## The problem
For the records that follow, please set down exactly the lines between the one holding "Women's Crevice Grooved" and the one holding "Cove Dune Leather", inclusive, and only those.

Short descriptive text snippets
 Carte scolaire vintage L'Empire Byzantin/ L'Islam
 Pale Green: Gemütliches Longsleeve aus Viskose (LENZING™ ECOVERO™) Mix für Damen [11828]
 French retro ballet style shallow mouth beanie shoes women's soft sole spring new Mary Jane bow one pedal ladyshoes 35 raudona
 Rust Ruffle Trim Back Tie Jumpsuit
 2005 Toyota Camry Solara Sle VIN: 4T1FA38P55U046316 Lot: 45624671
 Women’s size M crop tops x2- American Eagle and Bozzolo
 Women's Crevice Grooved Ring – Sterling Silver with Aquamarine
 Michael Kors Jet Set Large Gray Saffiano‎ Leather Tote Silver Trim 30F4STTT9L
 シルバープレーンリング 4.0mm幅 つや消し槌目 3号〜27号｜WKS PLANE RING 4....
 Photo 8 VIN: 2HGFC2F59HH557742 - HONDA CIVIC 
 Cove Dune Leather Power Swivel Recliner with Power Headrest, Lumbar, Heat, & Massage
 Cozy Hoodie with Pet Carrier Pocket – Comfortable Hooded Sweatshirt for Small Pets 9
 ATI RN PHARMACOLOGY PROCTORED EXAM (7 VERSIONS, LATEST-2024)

## Answer for the task
 Women's Crevice Grooved Ring – Sterling Silver with Aquamarine
 Michael Kors Jet Set Large Gray Saffiano‎ Leather Tote Silver Trim 30F4STTT9L
 シルバープレーンリング 4.0mm幅 つや消し槌目 3号〜27号｜WKS PLANE RING 4....
 Photo 8 VIN: 2HGFC2F59HH557742 - HONDA CIVIC 
 Cove Dune Leather Power Swivel Recliner with Power Headrest, Lumbar, Heat, & Massage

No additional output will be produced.